Financer la protection sociale n°2 Equilibre financier – Fiscalisation

La République à l’épreuve des inégalités La République est promesse de liberté, d’égalité, de fraternité.

Scénarios pour des choix nécessaires, axes d’une politique assumée

Menée depuis deux ans, l’étude pour un financement durable de la protection sociale est livrée à l’Institut Montparnasse à un moment crucial. La chaire Transitions Démographiques – Transitions Economiques met à notre disposition, et à la disposition du débat public, un modèle macroéconomique sur lequel elle appuie les horizons de moyen et long terme d’une remise à l’équilibre des comptes selon les projections économiques institutionnelles. L’exercice réalisé en de nombreux lieux est ici complété et qualifié par l’illustration des répercussions sur des catégories générationnelles et des segments d’emploi. Les éléments d’une politique assumée sont réunis : quantification du besoin de financement, impact sur la croissance et la compétitivité, populations et type d’emplois favorisés ou désavantagés.

L’étude simule aussi la fiscalisation du financement de la branche famille, par basculement de 30 milliards de cotisations acquittées par les entreprises. Les effets d’un transfert sur la CSG ou sur la TVA sont analysés et documentés. Un travail original par son approche globale qui tombe à point nommé.

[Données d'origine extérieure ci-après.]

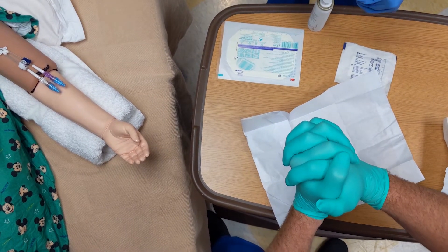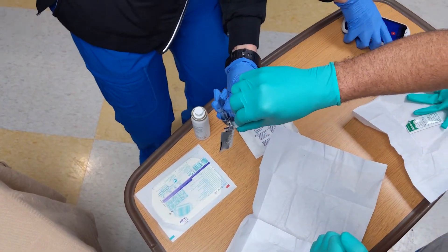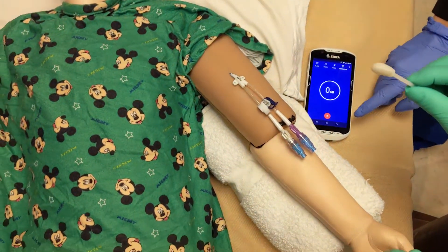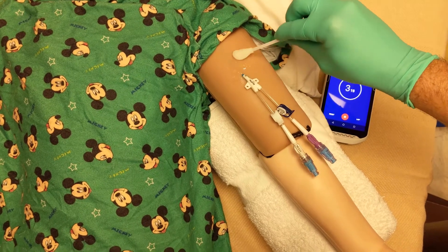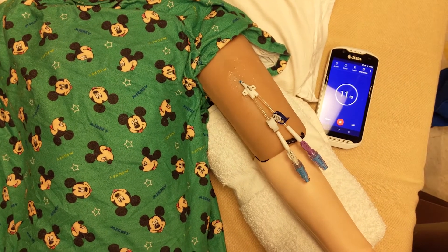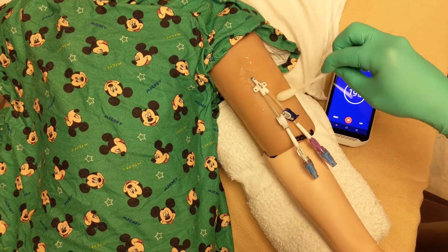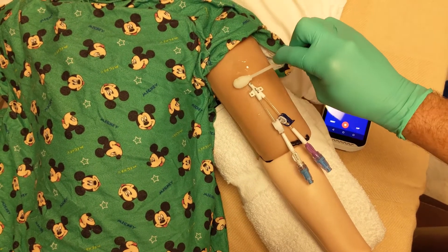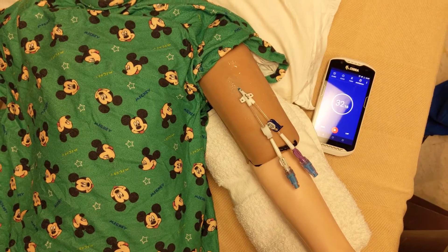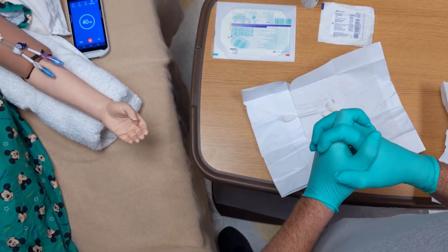Now that you're sterile again, have your second person open the chlorhexidine swabs or whatever materials you have that contain CHG, and grab one without touching the outside of the package — that's how you remain sterile. The contents inside the package are sterile, so it's okay to grab the swab. Use each swab and scrub for 10 seconds. You don't have to do it in a circular motion with CHG; you just want to scrub well from the center out. Discard the swab and use the next swab for 10 seconds, then the third swab for 10 seconds. Allow the site to dry for a full 30 seconds — it's very important to allow the site to dry completely because the CHG and alcohol drying is what actually kills the bacteria.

Le Président de la République vient, en ce mois de janvier 201 4, de fixer un « nouvel objectif » : « que d’ici à 2017, pour les entreprises …ce soit la fin des cotisations familiales ». Tout en précisant « la réalisation (du pacte de responsabilité) ne doit pas se traduire par un transfert de charges des entreprises vers les ménages ». La politique annoncée vise à favoriser « l’offre ». Les scénarios présentés ici sont inspirés d’une réflexion sur l’universalisation des prestations, familiales notamment, en décalage avec un financement assis sur la masse salariale des entreprises. Une réflexion soumise par le Premier Ministre au Haut Conseil pour le Financement de la Protection sociale en ces termes : « permettre une meilleure adéquation pour les années à venir entre les recettes et les logiques des différents risques ».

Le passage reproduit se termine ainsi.